The Jewish population of Lviv were involved primarily in trade and the professions: tailors, hat makers, jewelers, opticians. 80% of the tailors, and 70% of the barbers were Jewish. In 1921 74.1% of merchants were Jewish. 1,150 of the 1,700 practicing doctors, 41% of theatre workers, 43% of dentists, 45% of nurses. 2,200 lawyers (in comparison 450 lawyers were ethnic Ukrainians).[1] Regarding language use in 1900, 76% of Galician Jews spoke Polish, 17% German, and only 5% spoke Ukrainian.[1]

Allegations

Initial investigation and the Nuremberg Trials (1945-6)
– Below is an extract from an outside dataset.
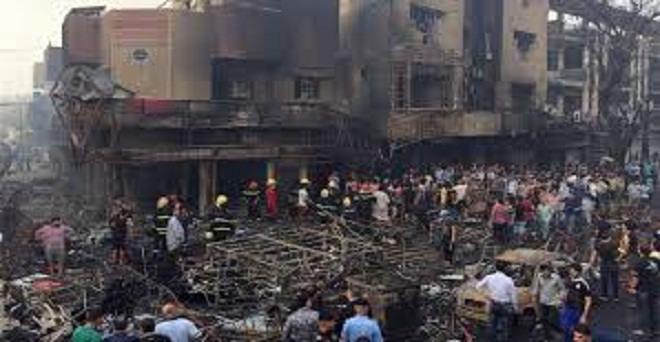 इराक: बगदाद में आईएसआईएस का कहर, बम हमलों में 83 की मौत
The examination of the organized mass extermination of civilians in the first days of the German Occupation of Ukraine started immediately after World War II. The Soviets formed a special commission to examine the crimes specifically and to name the culprits. The Commission published its finding in Kyiv in 1945.[3]

The Soviets were specific in naming culprits. They included the Governor General of Poland, Hans Frank; the Major General of the Police, Herr Liasch; the governor of Galicia, Herr Wechter; the head of the police, Herr Katzman; SS Hauptsturmführer, Herr Gebauer; SS Hauptsturmführer, Herr Wahrtzok; SS Obersturmfuhrer, Herr Wilhaus; SS Leutnant, Herr Schonbach; SS Oberleutnant, Herr Siller; SS Scharführer, Herr Reis; SS Sturmbannführer, Herr Wepke; SS Obersturmführers Rokita, Urman, Schutz; SS Oberleutnant, Herr Vekne; SS Scharführer, Herr Gainisch; SS Hauptsturmführer, Herr Grzymek; SD Scharführer, Herr Preis; the head of the Death Brigade, Herr Eifel; Captain Blut, Major Sidoren, Major Roch, Oberfeldwebel Miller, the komissars for Jewish matters (Engel, Zeis, Ukvart, Leonard) and SS Scharführers Erich, Chan, Blum, Weren't, and Bitterman.[citation needed]
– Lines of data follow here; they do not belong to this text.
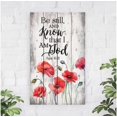thumbnail image 2 of DWSO: Pallet Sign - Be Still And Know 24"x14", 2 of 3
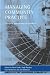 Managing Community Practice: Principles, Policies and Programmes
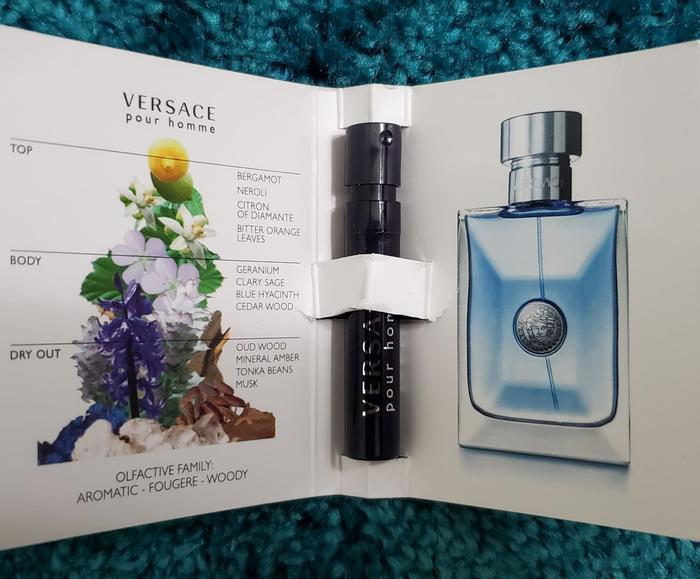  ورساچه پورهوم VERSACE - Pour Homme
The results of the findings regarding the Lviv massacres were confirmed during the Nuremberg Trials held 15–30 August 1946. The Nuremberg indictment charged that "in the Lvov region and in the city of Lvov the Germans exterminated about 700,000 Soviet people, including 70 persons in the field of the arts, science and technology".[citation needed] On 15 February 1946 Soviet prosecutor L. N. Smirnov referred to a report, Extraordinary State Commission on Crimes Committed by the Germans in the Territory of the Lvov Region.

According to that report, even before the German seizure of Lviv on 30 July, the Gestapo detachments were preparing lists of the most prominent representatives of the intelligentsia who were to be annihilated. He charged that mass arrests and executions began immediately after the seizure of Lviv.[4]
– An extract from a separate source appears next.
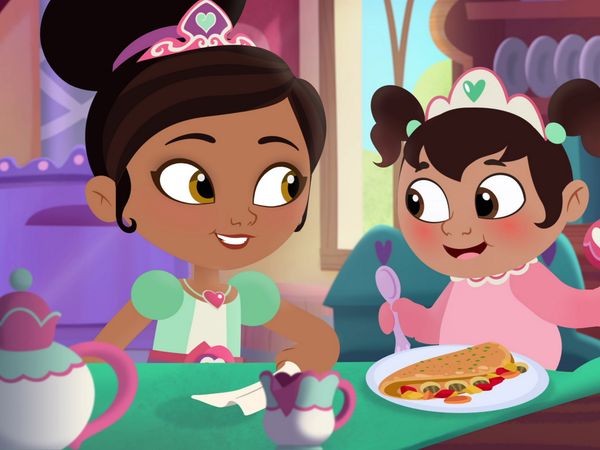 Nella the Princess Knight - Princess Nella's Perfect Family Picture/Giant Trouble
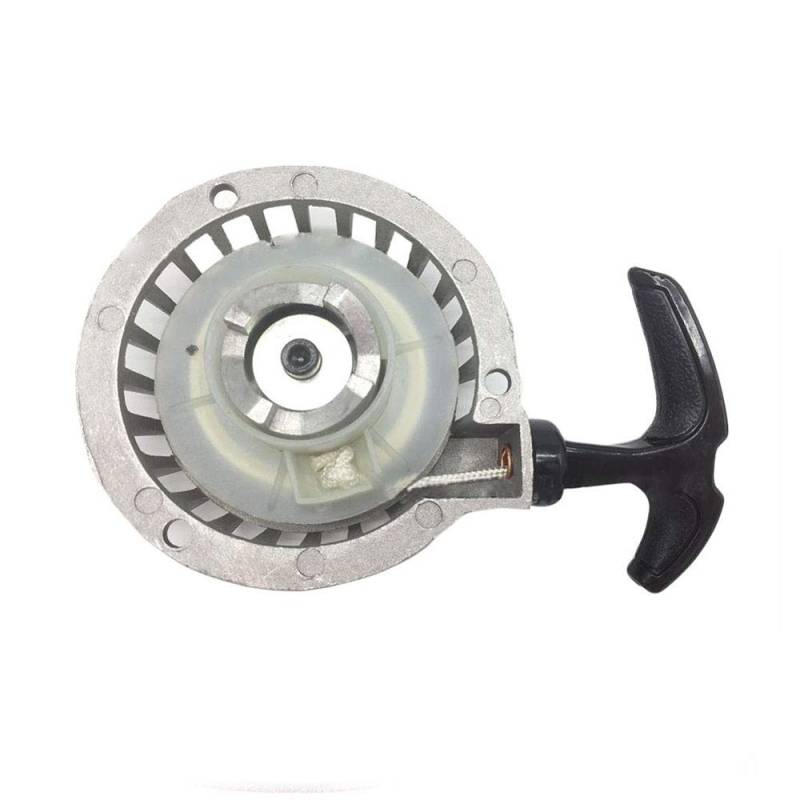 Riloer Seilzugstarter Ersatz für 2-Takt 47 cc 49 cc Pocket Bike Mini Moto ATV 4 Wheeler Quad Pull Starter Motor von Riloer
The head Soviet prosecutor Lieutenant-General Roman Rudenko stated: "The murder of Soviet citizens were not done by separate bandit groups of German officers and soldiers, but according to organized plans by the Germany army, police and the SS".[3]

German SD documents introduced by the prosecution at the principal trial and later at the American trial of SS General Otto Ohlendorf (Nuremberg Trial No. 9) show that the civilian population of the city as well as the SD participated in the abuses; for instance, and SD report, dated 31 July 1941, asserts that "the population rounded up some 1,000 Jews and drove them to the prison that had been occupied by the Wehrmacht ... The Lvov prisons were full with the corpses of murdered Ukrainians ... between 3,000 and 4,000. Reliable information also indicates that some 20,000 Ukrainians, of whom at least 80 percent belong to the intelligentsia, were deported to inner Russia. Similar conditions were observed in the neighboring towns, e.g., Dobromil, Sambor, and vicinity ... As reprisal for these atrocities 7,000 Jews were picked up and shot.[4]".

Allegations of 1959

In 1959 sensational allegations were made by the East German Professor Albert Norden that the killing in Lviv was done by Ukrainians and specifically by the Nachtigall Battalion. The accusations were aimed primarily at discrediting professor Theodor Oberländer, who in 1941 was the German officer attache to the Battalion and who in 1959 was a minister in the West German government.[citation needed]

A committee was formed in East Berlin to look into the allegations about the participation of the Nachtigall Battalion and Oberlander in the atrocities in Lviv. Of the 19 witnesses who testified only 3 had ever been to Lviv where the atrocities were to have taken place, and all three had been there only in transit. Nevertheless the East German court found Oberlander guilty and sentenced him in absentia to life imprisonment.[3]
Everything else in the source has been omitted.